I knew I shouldn’t have made the offer in the first place, but it was already too late. When you are in a shop, mobbed by an army of gorgeous ladies schooled in massaging fragile ego, it’s no more about the rationality of your knee-jerk responses as it to preserving your non-existing honor. In the end, a single phone call from my wife was the grace that saved me from committing financial suicide on the eve of Christmas. But I haven’t always been that lucky.

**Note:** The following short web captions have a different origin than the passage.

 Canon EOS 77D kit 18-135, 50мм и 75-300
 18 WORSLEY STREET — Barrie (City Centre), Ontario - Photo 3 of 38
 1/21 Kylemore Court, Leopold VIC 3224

Louis Vuitton…$5,800, Coach…$4,500.. Coco Chanel…$8,500. For a second I had to assume that I was about to make a down payment on a second home, if to escape the feeling of being robbed in broad daylight. You couldn’t tell that though, from the throngs of ladies in high-heeled stilettos shoes, swiping cards and walking away as if nothing happened. To make matters worse, I didn’t see much difference from the one that a street vendor offered me in China for twenty dollars, sometime ago. In fact, the Chinese bootleg had a superior leather feel than what was offered at the Galleria. Ok, maybe I exaggerated on that score.

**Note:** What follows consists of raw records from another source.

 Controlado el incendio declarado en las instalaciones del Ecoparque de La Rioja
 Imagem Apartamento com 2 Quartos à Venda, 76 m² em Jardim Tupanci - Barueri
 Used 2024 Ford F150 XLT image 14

Funny enough, most of the ladies I saw didn’t appear like they had some millions stashed away in the bank. At least the looks didn’t give that away. In fact one could easily guess that most are possibly in low to middle income tax bracket and might even have benefited from the government’s stimulus check. How do I know? Well, it’s common knowledge that the average guy spends more on luxury items in comparison to rich folks. You are more likely to see boys that wear blings and high end Jordan snickers in the “hood” than in rich neighborhoods. Maybe it has to do with the rather hackneyed cliché, fake it till you make it. But in answering the question, I had to also turn to my friends at Google. Here is some of what they said:

Financial Illiteracy

Lack of financial education in schools fuels bad habits to build up. Rich folks however, are more likely to know how money works and so have the tendency to calculate the opportunity cost of most buying decision. It comes to many as a surprise that good spending habits are actually the biggest source of wealth, compared to earning more. The King of entertainment, Michael Jackson earned around a billion dollars in his careers but was close to bankrupt at the time of death.

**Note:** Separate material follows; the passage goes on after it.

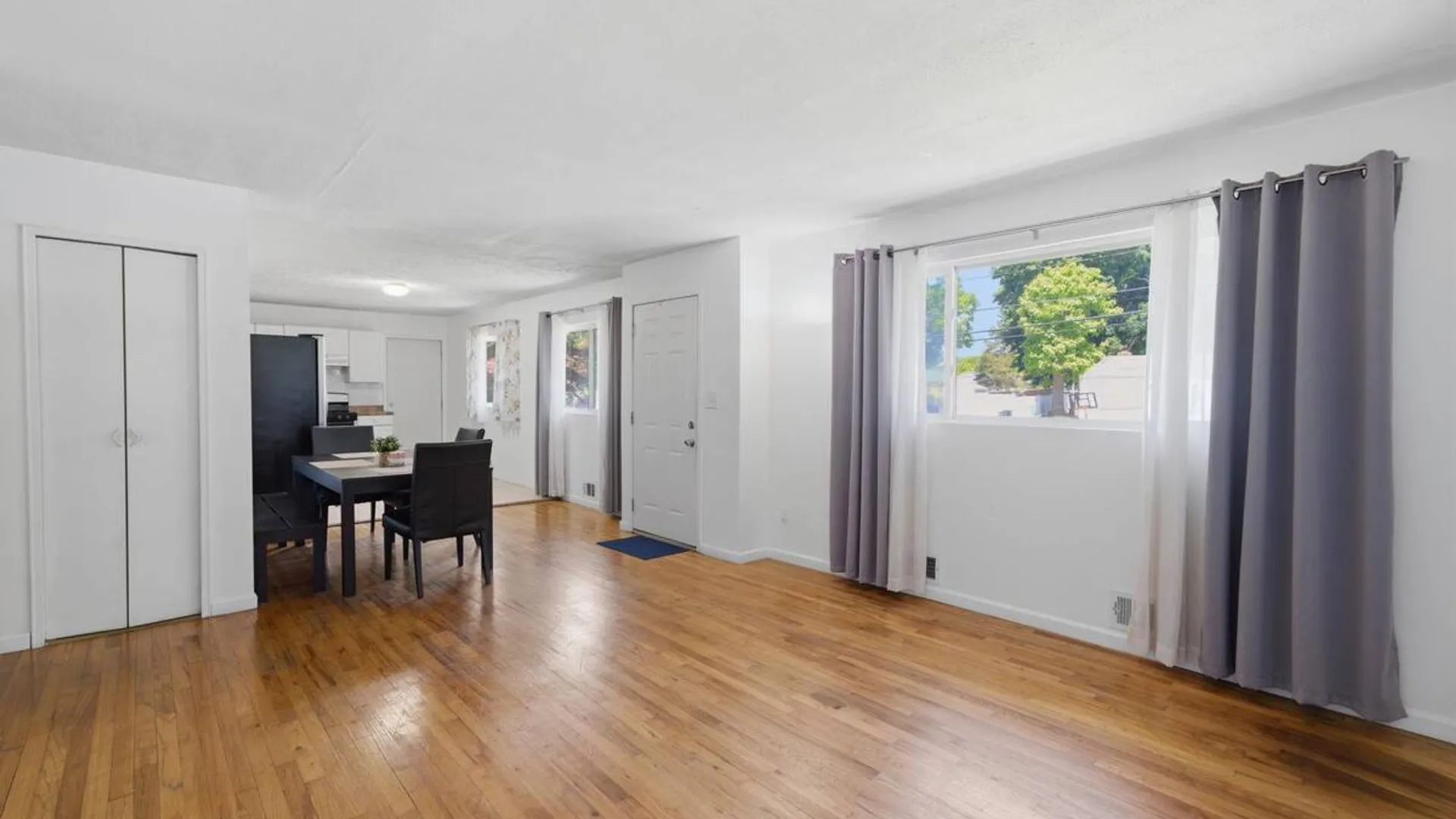 Property at 332 Delaware Avenue, Bay Shore, NY 11706 4
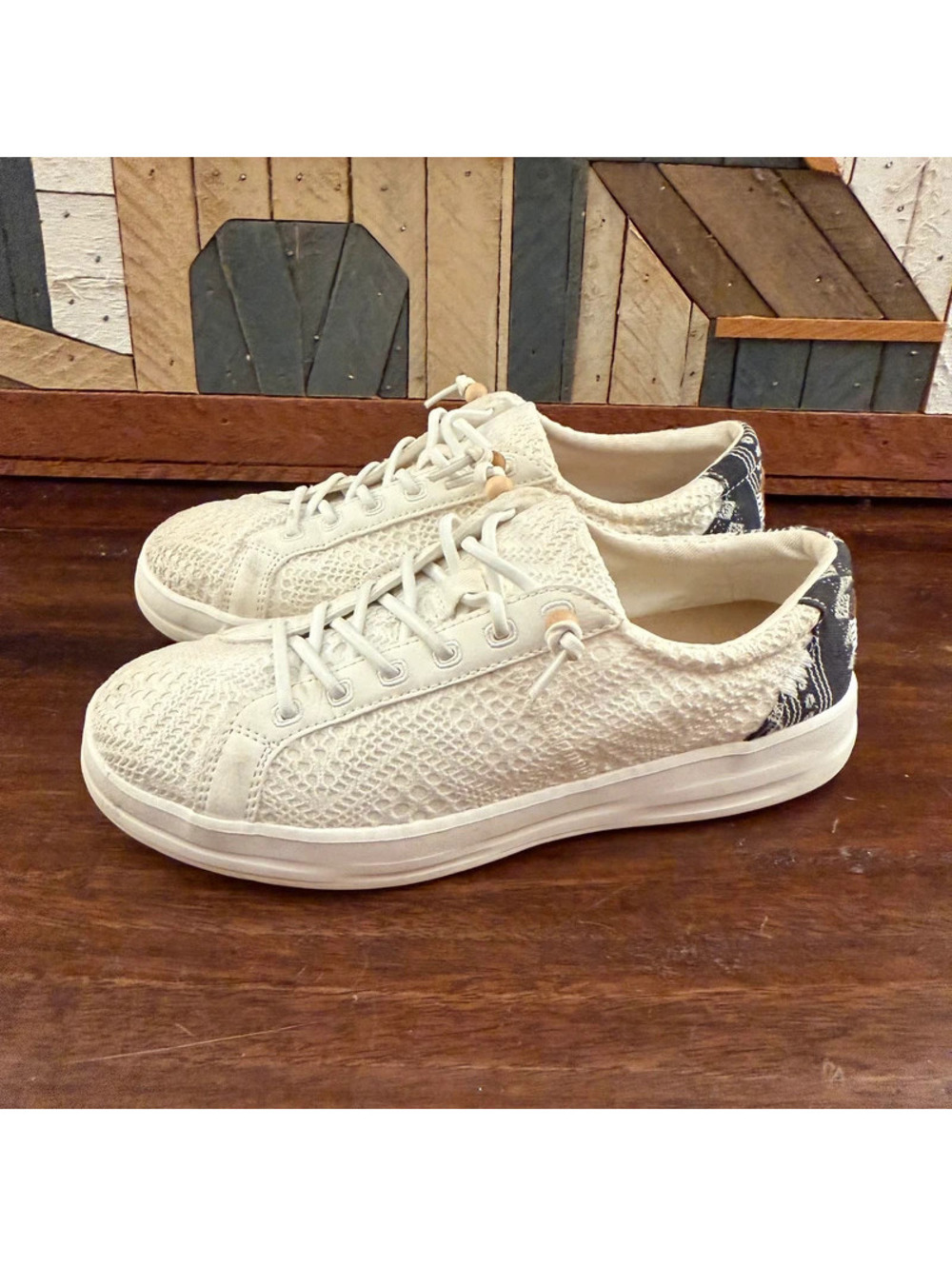 Hey Dude Karina Boho Crochet White Navy Slip On Sneakers Shoes Women's Size 8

Defined in the dictionary as “the tendency to seek distraction and relief from unpleasant realities, especially by seeking entertainment or engaging in fantasy.” This is often a bigger problem at the lower ends of the income scale.

The Desire to Impress

Of course most of us do this to a certain extent. We try to keep up with the Kardashians. Some however, take it to a whole new level, which is why someone would commit a full month salary to buying a prestigious name brand item when the cost of a similar but less popular brand sells for a penny on the dollar. Even though very few are ready to admit this truth, this informs one of the major reasons why many are drawn to luxury goods.

Just to be clear, am not the kind of guy that hates fashion. In fact I love fashion, so much so that few years ago, I registered a company and dabbled into it. At the time, it felt good getting to meet with industry leaders during the New York and LA fashion weeks, while squeezed into some tight fitting skinny jeans. The jury is still out on whether that was a good business move but for sure I have not become the next Giorgio Armani.

When Gabrielle Bonheur “Coco” Chanel made it to the list of 100 most influential people of the 20th century, very few people contested that choice. After all, the founder of the eponymous luxury brand had been credited with popularizing a sporty, casual chic as the gold-standard of feminine style. You just have to watch the smile play on the face of a believer as she clutches her overpriced bag while showing off the famed interlocked-CC monogram. I imagine her resurrect one day, just like Jesus to give a shout out to thousands of low to middle class women all over the world that traded retirement savings with the label of her iconic brands.

Truth is, I have always loved every fine work of art, whether it’s the artistic versatility of a Tom Ford or the creative genius of a Karl Lagerfeld. I also like the confidence that plays in the face of my friend Dave, each time he shows up in his Salvatore Ferragamo waist belt. Problem is, I could hardly convince myself to cough up $300 to subsidize the lavish lifestyle of a billionaire while struggling to meet my own competing financial obligations. Or it may be that as one gets older, you pay less attention to people’s perception of you, as you try more to reach out to things that will cater for your inner peace and tranquility.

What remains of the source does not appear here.